- TASK DESCRIPTION -
From the line that holds "Camiseta blanca getabbe" to the last line below, retype everything exactly and nothing else; omit pictures.

- DATA PROVIDED -
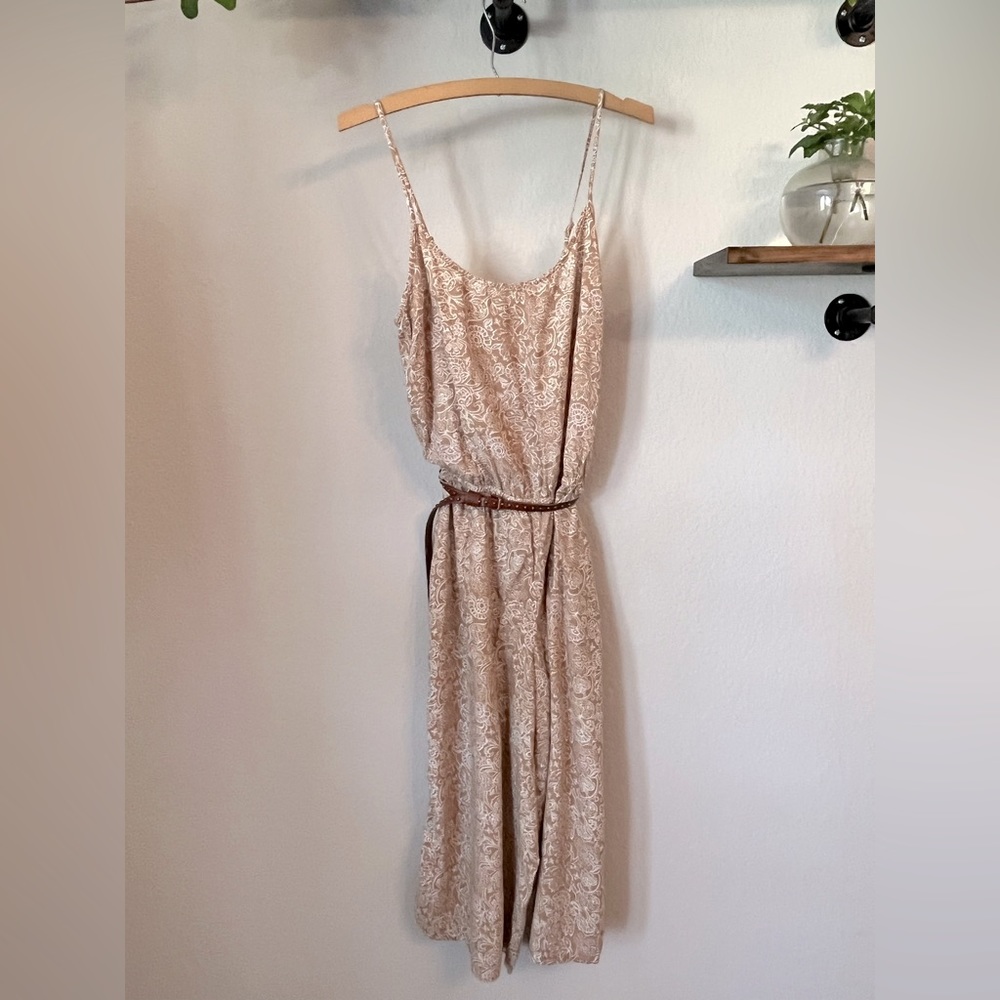 Paisley pattern lightweight 100% rayon fabric jumpsuit with adjustable straps.
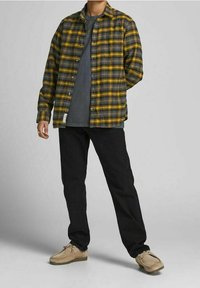 Camicia di flanella a scacchi gialli e neri sopra una maglietta grigia, abbinata a pantaloni neri e scarpe beige. Include chiusura a bottone e vestibilità comoda.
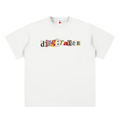 Camiseta blanca getabbe con logo "diegetabbe" en tipografía recortada multicolor estilo ransom note, letras en rojo, amarillo, azul, verde y negro sobre fondos crema y gris, etiqueta con estrella roja, hombro caído, corte largo holgado unisex, fondo blanco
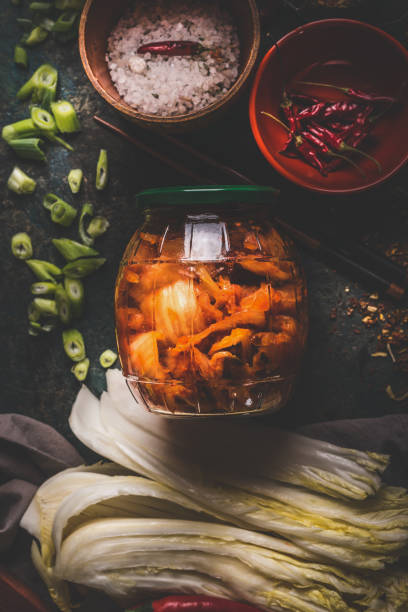 Fermented chinese cabbage marinated in hot chili sauce, kimchi,  in glas jar on rustic background with ingredients. stock photo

- SOLUTION TO THE EXERCISE -
 Camiseta blanca getabbe con logo "diegetabbe" en tipografía recortada multicolor estilo ransom note, letras en rojo, amarillo, azul, verde y negro sobre fondos crema y gris, etiqueta con estrella roja, hombro caído, corte largo holgado unisex, fondo blanco
 Fermented chinese cabbage marinated in hot chili sauce, kimchi,  in glas jar on rustic background with ingredients. stock photo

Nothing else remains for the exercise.